François aurait mieux fait de rappeler que Raoul Abdaloff, lorsqu’il parle de cinéma, ne dit que des conneries. C’est sûrement parce qu’il avait bu (j’ai des preuves).

mai 4th, 2009

C’est faux. Nous ne sommes pas mis d’accord – préalablement – sur le sens du mot « adaptation, », c’est tout.
Démocrate de merde.

mai 4th, 2009

La définition de « adaptation » par Raoul est très simple : c’est ce qui est adapté, mais mal.
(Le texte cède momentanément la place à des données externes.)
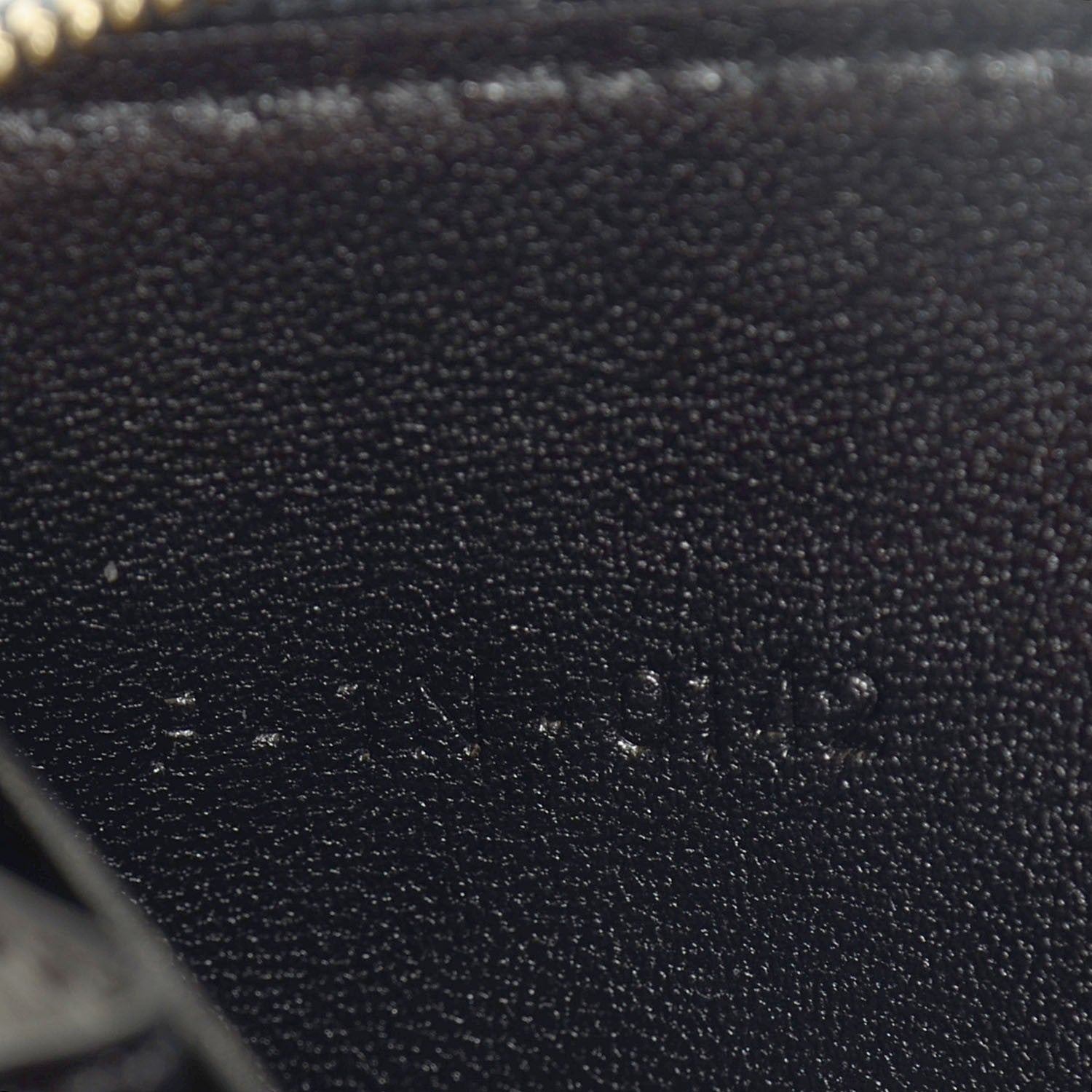 Celine Lambskin Large Zip Around Multifunction Wallet Black 8 of 9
Du coup l’adaptation c’est mal. On ne dira pas qu’il manque de cohérence.

Bill A.

mai 5th, 2009

Le jeu de mot de Raoul m’a fait rire, j’en ai honte.

un auditeur, un vrai...

mai 5th, 2009

Raoul a raison. Une adaptation cinématographique, c’est le mal. Puisse dieu avoir pitié de vôtre âme.

tractopelle

mai 6th, 2009

Dans adaptation, il y a adapté.

un auditeur, un vrai...

mai 7th, 2009

mais dans la réalité, ce n’est pas adapté ! c’est MAL adapté ! Le mal est donc inhérent au cinéma, c’est pour cela qu’on peut se permettre de dire juste « une adaptation ».